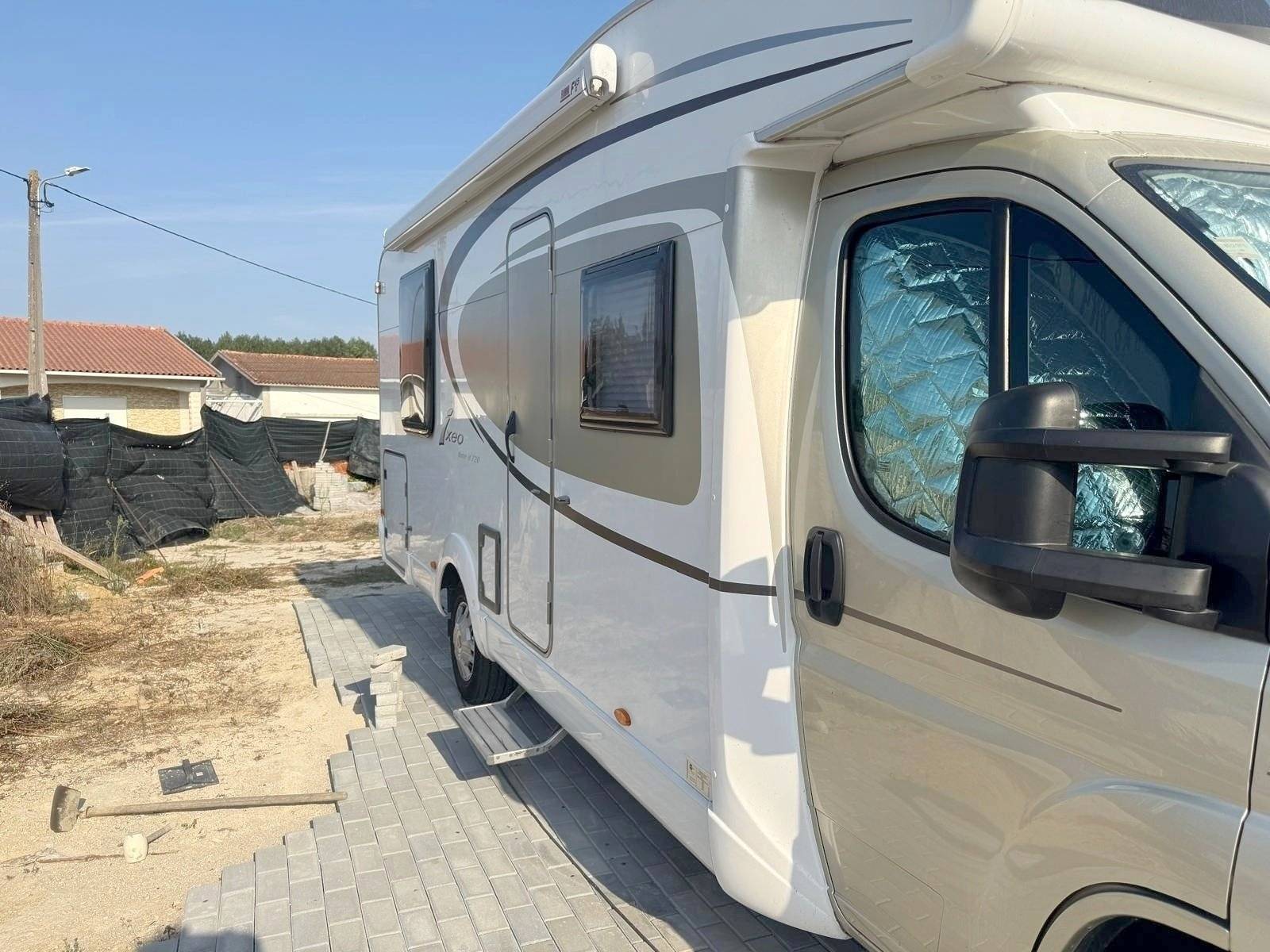 Bürstner Bürstner Ixeo time 720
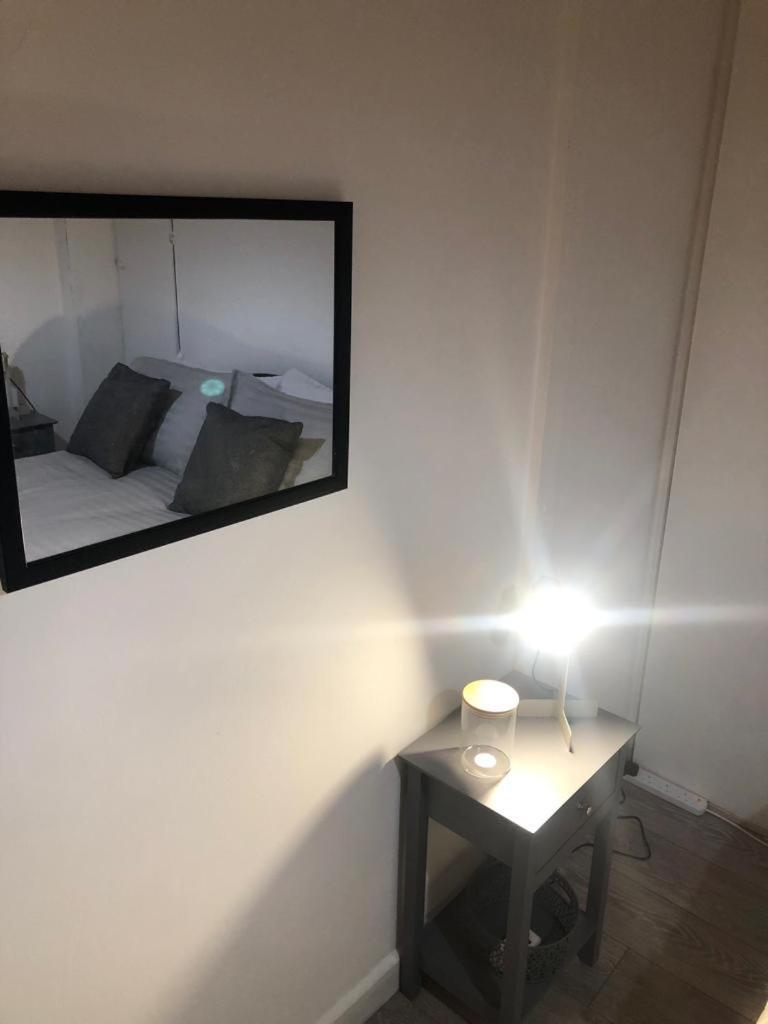 Alpha House Bed and Breakfast Londra Esterno foto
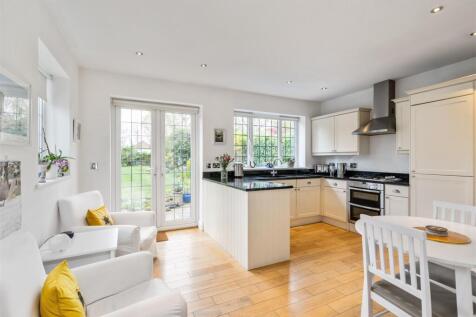 82 Widney Manor Road_34.jpg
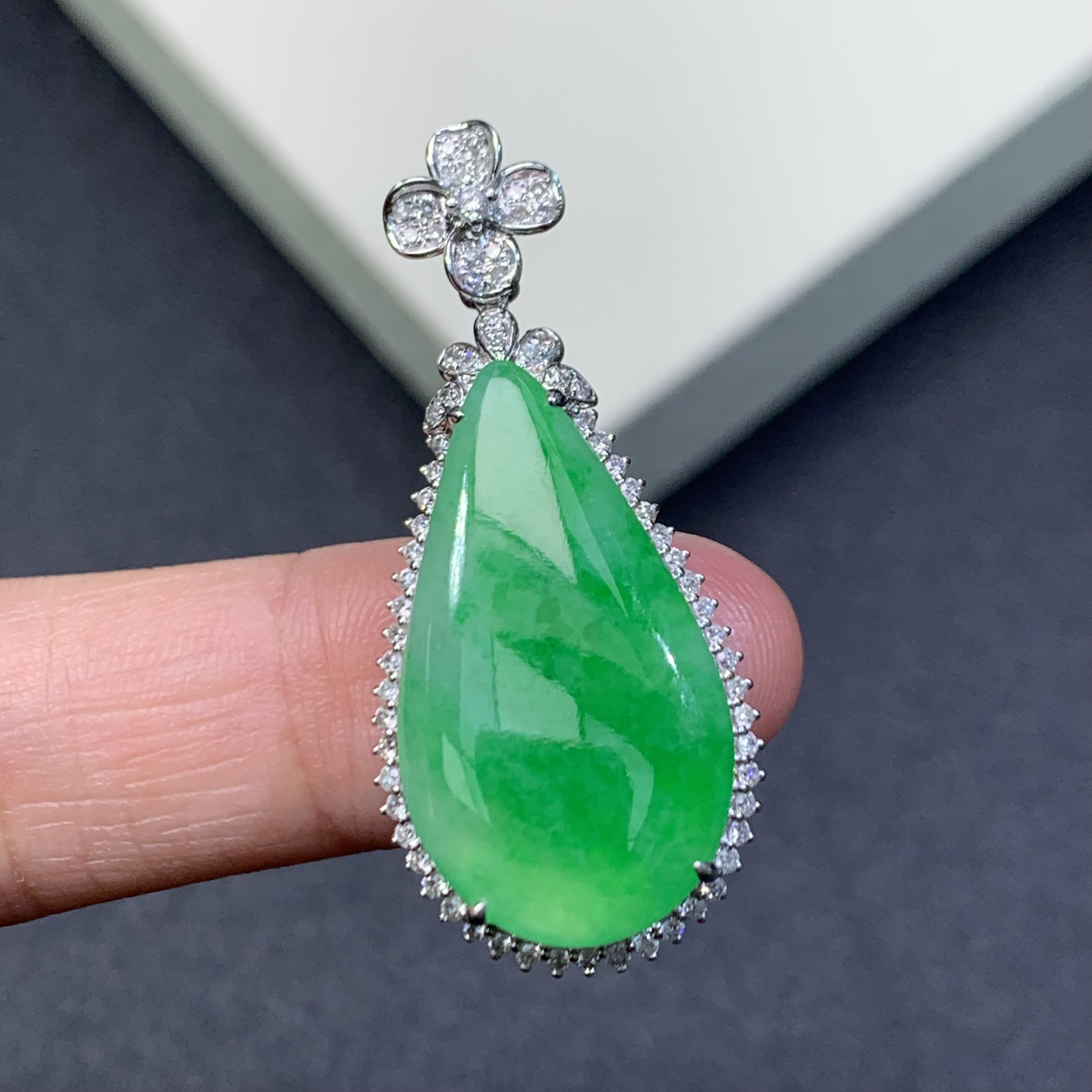 新品推荐·18k金冰种冰阳绿水滴翡翠玉石缅A吊坠精致气质满绿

▶ [PROBLEM REQUIREMENTS] Images are to be omitted; repeat the remaining data above exactly.

▶ [ANSWER BOX]
 Bürstner Bürstner Ixeo time 720
 Alpha House Bed and Breakfast Londra Esterno foto
 82 Widney Manor Road_34.jpg
 新品推荐·18k金冰种冰阳绿水滴翡翠玉石缅A吊坠精致气质满绿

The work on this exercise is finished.